It’s not just a bunch of stone heads.
For centuries, people believed the Sphinx was just a head sticking out of the ground too. Then they started digging and found there had been a body all along. Same for Easter Island – every one of the 887 statues or mo’ai (some of which are up to 30 feet tall) has a body, although often the body is buried underground. It is true, however, that the mo’ai heads are almost the size of the rest of their bodies. Most of the mo’ai face inland. Only a few gaze out across the Pacific.
Easter Island, a mere 63 square miles in size, is one the world’s most remote islands. It is a territory of Chile, which is more than 2,000+ miles away. Its nearest neighbor is Pitcairn Island (where the HMS Bounty mutineers ended up), nearly 1,300 miles away. And yet approximately 100,000 tourists manage to visit every year.
By the time a Dutch explorer discovered this South Pacific island on Easter Sunday in 1722, its population was about 2,000-3,000 – down from an estimated 15,000 only a century before. Deforestation and destructive Polynesian rats may have been the cause of this decrease. The Europeans’ introduction of new diseases like smallpox and tuberculosis did not help the situation, and neither did the Peruvian slave trade of the 1860s. By 1877, Easter Island’s native population was down to 111.
When were the mo’ai created, and why? And how did these massive statues make their way to locations all around the island?
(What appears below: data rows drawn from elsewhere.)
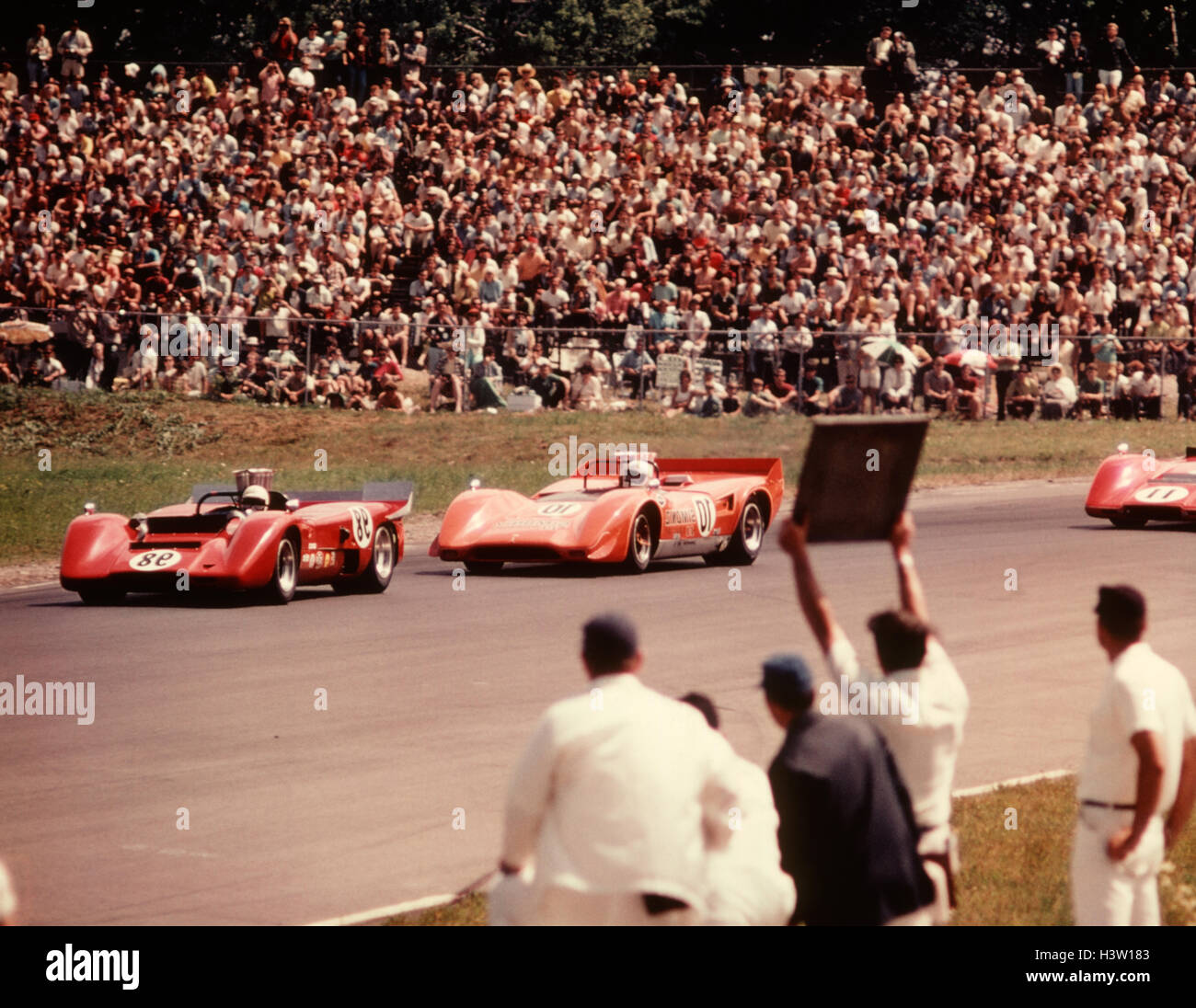 1970s CAR AUTO RACING 3 RED CARS TRACK MAN PIT HOLDING UP SIGN TO DRIVERS Stock Photo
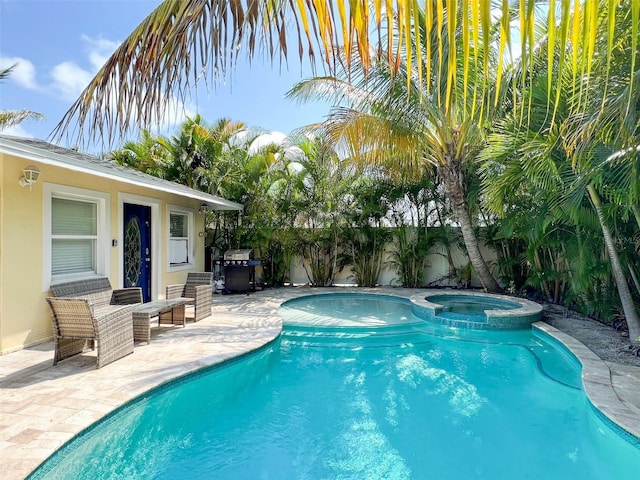 152 Coolidge Dr, Sarasota, FL 34236 - view of pool featuring a patio area, a fenced backyard, grilling area, and a pool with connected hot tub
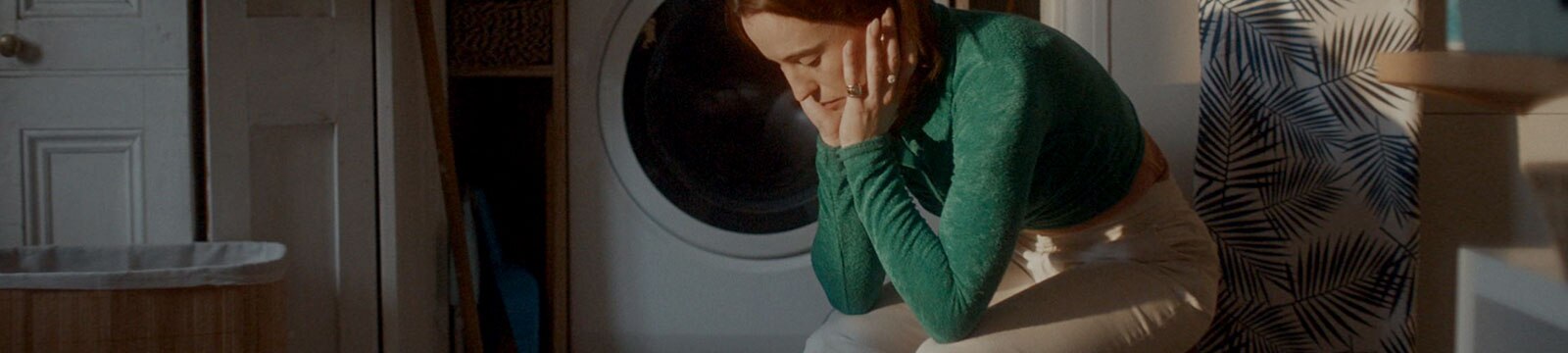 An exhausted woman sits alone in a laundry room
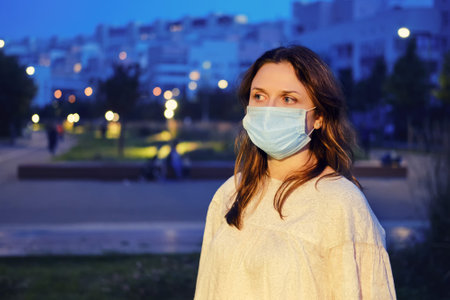 Night portrait of a woman in a medical mask on the background of the parkの写真素材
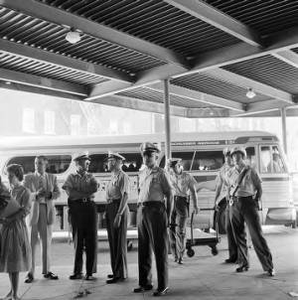 Police officers standing outside a bus to prevent Freedom Riders from boarding at the Greyhound station in Birmingham, Alabama.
We can only guess why the mo’ai were created, but we know most were carved from volcanic rock between approximately 1100 AD and 1680 AD. Some experts believe the Easter Island natives “walked” the mo’ai to their various locations by having two teams on opposite sides loop ropes around the statues’ heads and then rock the statues from side to side, enabling them to waddle forward with little “steps.”
Perhaps Easter Island’s greatest mystery is how the natives got there in the first place. Were the ancient Polynesians skilled navigators? How else would they have happened upon a tiny Pacific island more than a thousand miles distant from any place else?